Education is to learning like ... (Towards the Becker attractor)
Martin Weller has an blog post entitled: "VLE is to Learning what PowerPoint is to Presentations". The title pretty much says it all but he elaborates:
The danger with both of them is that they represent not a potential stage on a journey for many, but the endpoint. Their ease of use and similarity to existing practice is seductive in this sense, you don’t really have to change what you do much.
This is absolutely the case.

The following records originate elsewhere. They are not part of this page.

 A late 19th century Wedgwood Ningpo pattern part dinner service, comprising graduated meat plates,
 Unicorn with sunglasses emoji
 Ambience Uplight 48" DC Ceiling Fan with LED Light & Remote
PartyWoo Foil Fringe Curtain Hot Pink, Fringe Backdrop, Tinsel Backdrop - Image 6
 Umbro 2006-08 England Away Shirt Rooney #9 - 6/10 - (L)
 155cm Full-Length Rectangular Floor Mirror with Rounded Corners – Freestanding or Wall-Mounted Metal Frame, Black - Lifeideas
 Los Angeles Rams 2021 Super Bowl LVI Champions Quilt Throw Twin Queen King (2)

I like to quote a remark by a learning technologist colleague after a great demo of a lecture recording technology: "Well, this just makes us more likely to do lectures."
But the problem is that you ignore a much deeper issue which could be described by a paraphrase of Martin Weller's title: Education is to learning what PowerPoint is to Presentation.

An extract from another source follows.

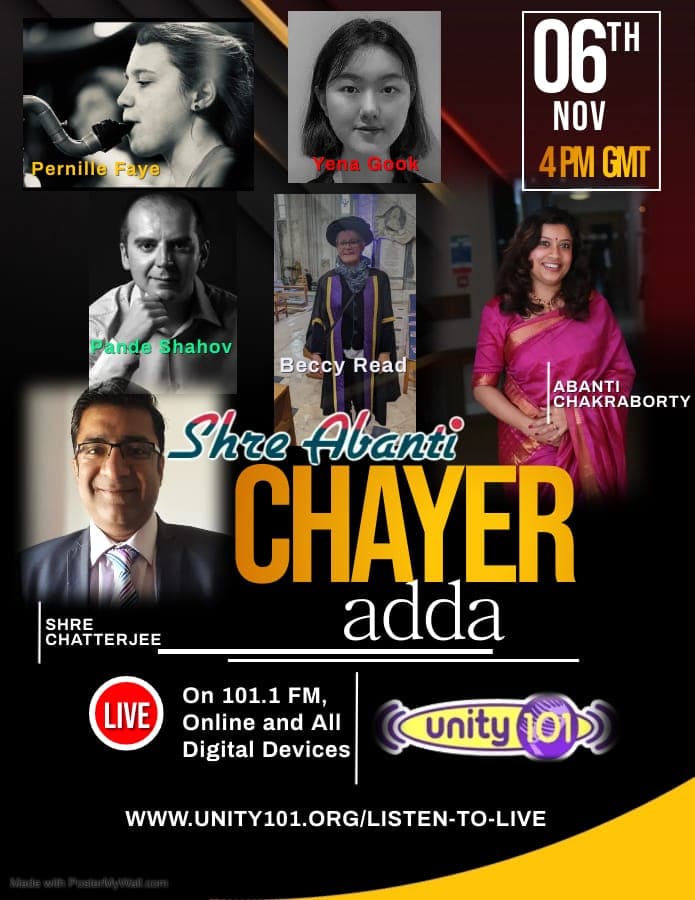 Chayer Adda. A music, about everything Bengali in Bengali. First Sunday of every month 4pm to 6pm 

I've been reading worries of exactly this same kind in Comenius, Rousseau, Dewey, etc. What is remarkable about all of these is that they all felt that a new age of education is just around the corner. What can we learn from the repeated failures of their predictions? 1. Our or any other predictions of a similar kind are likely to fail. 2. We need to look at different principles of what makes the educational system tick. I would suggest the research of Howard Becker on the collective organisation towards the achievement of institutional goals. Students and teachers will create collective and individual strategies to get to where they need to in order to pass the milestones set by the institution. But these milestones (e.g. submitted lesson plans or passed exams) are only models or approximations of the stated objectives (e.g. good teaching or deep transformative learning).
To elaborate on the analogy. A lot of people have heard and learned from the 'Death by PowerPoint' thesis. So I see (and occasionally create) more and more presentations that use illustrative and amusing pictures instead of bullet points. But often I wish for the bullet points to make it easier for me to take notes or to 'skip ahead' of a dull or overly 'entertaining' presentation. (And posting these on Slideshare is wasting my time.) We are headed for the 'new' PowerPoint age where everybody's PowerPoints look the same (just like if everyone has a tattoo or spiky hair, these becomes badges of group identity rather than expressions of individual identity). The reason this happens, because the 'collective' subconsciously (and with varying degrees of overt organisation) coallesces around strategies that make achieving the goald easier. I always admired people with 'telling' pictures in their presentations until I learned how easy it is to find them if you set this as your main aim and do it often enough. I'm sure if everyone started using Prezi or Mindmaps instead of PowerPoint, the collective approach would coalesce around a similar standard. The same thing happened with early VLEs (no matter how primitive they were). The creative and driven people who wanted to use them used them. Now people who have to use them do so because of institutional demands, and they have become an analogue of the school: drab and largely uninspiring with occasionally exceptional moments of learning and growth.
As Weller says:
Thus we have boring courses in VLEs and boring, bullet pointed presentations in Powerpoint. There is nothing intrinsic in the tools that means boring is the only outcome – good presenters will have excellent Powerpoint presentations and good teachers will have excellent VLE courses. But nevertheless there is something about their proximity to standard practice that means boring is all too often the end result.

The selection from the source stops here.